UNITED STATES DISTRICT COURT FOR THE DISTRICT OF COLUMBIA ____________________________________ ) AMRIT PAL SINGH, ) ) Plaintiff, ) ) v. ) Civil Action No. 09-499 (RBW) ) JANET NAPOLITANO, ) Secretary of Homeland Security, ) et al., ) ) Defendants. ) ____________________________________)

MEMORANDUM OPINION

Amrit Pal Singh, the plaintiff in this civil lawsuit, seeks, inter alia, “an order requiring

[defendants Janet Napolitano, Sarah Taylor, and Eric Holder] to promptly adjudicate his

[a]pplication for [a]djustment of [s]tatus to permanent residency and to issue a declaratory

judgment declaring that [the United States Customs and Immigration Service]’s [alleged] failure

to respond for almost nine years to a request for an approval of adjustment of status is an abuse

of discretion.”1 Petition for Writ of Mandamus, Declaratory Judgment, and Injunctive Relief for

Delaying the Decision on the Application for Adjustment of Status (the “Pl.’s Pet.”) at 7. On

July 24, 2009, the defendants filed a motion to dismiss the plaintiff’s Petition for lack of subject-

matter jurisdiction pursuant to Federal Rule of Civil Procedure 12(b)(1) or for summary

judgment pursuant to Federal Rule of Civil Procedure 56. Memorandum of Points and

Authorities in Support of Defendants’ Motion to Dismiss[] or[,] in the [Alternative], for

1 The plaintiff is suing each of the defendants in their official capacities—Ms. Napolitano as Secretary of Homeland Security, Ms. Taylor as District Director for the United States Citizenship and Immigration Services, and Mr. Holder as Attorney General. Summary Judgment (the “Defs.’ Mem.”) at 1. The Court held a hearing on the merits of the

defendants’ motion on March 22, 2010, and after carefully considering the parties’ arguments at

the hearing, the defendants’ motion to dismiss or for summary judgment, and all relevant

submissions and attachments thereto,2 the Court concludes, as it did at the hearing, that it lacks

subject-matter jurisdiction to entertain this case.

I. Background3

The plaintiff is a citizen of India who currently resides in the United States pursuant to a

grant of asylum issued on May 12, 1999. Defs.’ Stmt. of Facts ¶1. Based on his asylum status,

the plaintiff “filed an adjustment of status application (Form I-485) on August 14, 2000.” Pl.’s

Pet. ¶ 6. Presumably as part of adjudicating the plaintiff’s adjustment of status application, the

defendants reviewed the plaintiff’s asylum application, in which they discovered that the plaintiff

was a member of and provided material support to the Babbar Khalsa International, and provided

material support to the Sikh Student Federation, Bittu Faction, Defs.’ Stmt. of Facts ¶ 2, both

considered to be Tier II and Tier III terrorist organizations, respectively, Defs’ Mot. at 4-5.

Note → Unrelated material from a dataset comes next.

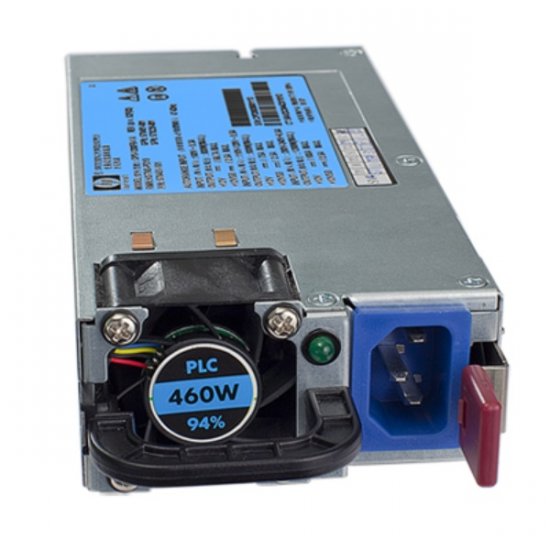 503296-B21 HPE Fonte Redundante 460W Proliant G6 G7 G8 503296-B21 HPE Fonte Redundante 460W Proliant G6 G7 G8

Pursuant to a March 26, 2008 memorandum issued by the United States Citizenship and

Immigration Services’ (“USCIS”) deputy director (the “Policy Memorandum”), its current policy

2 In addition to the plaintiff’s Petition and the defendants’ motion to dismiss and their memorandum of points and authorities in support thereof, the Court considered the following documents in rendering its decision: (1) the Plaintiff’s Opposition to Defendant[]s[’] Motion to Dismiss, or[,] in the Alternative, for Summary Judgment (the “Pl.’s Opp’n”); (2) Defendants’ Statement of Undisputed Material Facts (the “Defs.’ Stmt. of Facts”); and (3) the Defendants’ Reply in Further Support of Their Motion to Dismiss, or[,] in the Alternative, for Summary Judgment. 3 The plaintiff has failed to file a statement of material facts in compliance with Local Rule 7(h), and thus the Court will treat the defendants’ asserted facts as undisputed. Local Civ. R. 7(h) (stating that “[i]n determining a motion for summary judgment, the court may assume that facts identified by the moving party in its statement of material facts are admitted, unless such fact is controverted in the statement of genuine issues filed in opposition to the motion”); Jackson v. Finnegan, Henderson, Farabow, Garrett & Dunner, 101 F.3d 145, 154 (D.C. Cir. 1996) (affirming decision in defendant’s favor after plaintiff’s statement failed to rebut the defendant’s statement); Wiesner v. FBI, 577 F. Supp. 2d 450, 452 (D.D.C. 2008) (Walton, J.) (“The Court therefore treats the [defendant’s] asserted facts as undisputed for purposes of its motion to dismiss or for summary judgment.”).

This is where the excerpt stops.